UNDERNEWS

Undernews is the online report of the Progressive Review, edited by Sam Smith, who covered Washington during all or part of one quarter of America's presidencies and edited alternative journals since 1964. The Review has been on the web since 1995. See main page for full contents

August 28, 2009

BAILOUT WINNERS: FOUR BANKS NOW ISSUE ONE HALF OF ALL MORTGAGES AND TWO-THIRDS OF ALL CREDIT CARDS

Washington Post - When the credit crisis struck last year, federal regulators pumped tens of billions of dollars into the nation's leading financial institutions because the banks were so big that officials feared their failure would ruin the entire financial system. The crisis may be turning out very well for many of the behemoths that dominate U.S. finance. A series of federally arranged mergers safely landed troubled banks on the decks of more stable firms. And it allowed the survivors to emerge from the turmoil with strengthened market positions, giving them even greater control over consumer lending and more potential to profit.

J.P. Morgan Chase, an amalgam of some of Wall Street's most storied institutions, now holds more than $1 of every $10 on deposit in this country. So does Bank of America, scarred by its acquisition of Merrill Lynch and partly government-owned as a result of the crisis, as does Wells Fargo, the biggest West Coast bank. Those three banks, plus government-rescued and -owned Citigroup, now issue one of every two mortgages and about two of every three credit cards, federal data show. A year after the near-collapse of the financial system last September, the federal response has redefined how Americans get mortgages, student loans and other kinds of credit and has made a national spectacle of executive pay. But no consequence of the crisis alarms top regulators more than having banks that were already too big to fail grow even larger and more interconnected.
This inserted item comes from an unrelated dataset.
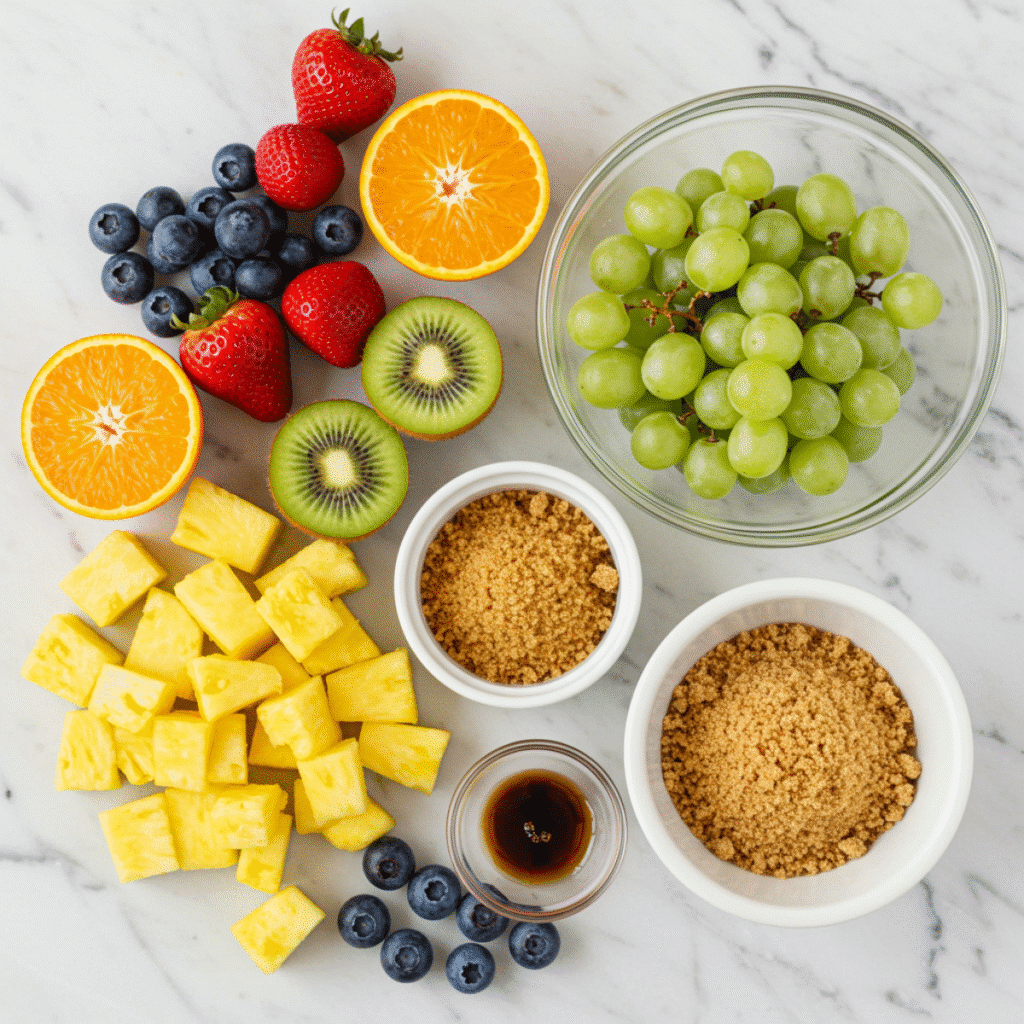 Ingredients for Gordon Ramsay Fruit Salad Recipe laid out on marble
"It is at the top of the list of things that need to be fixed," said Sheila C. Bair, chairman of the Federal Deposit Insurance Corp. "It fed the crisis, and it has gotten worse because of the crisis." Regulators' concerns are twofold: that consumers will wind up with fewer choices for services and that big banks will assume they always have the government's backing if things go wrong. That presumed guarantee means large companies could return to the risky behavior that led to the crisis if they figure federal officials will clean up their mess.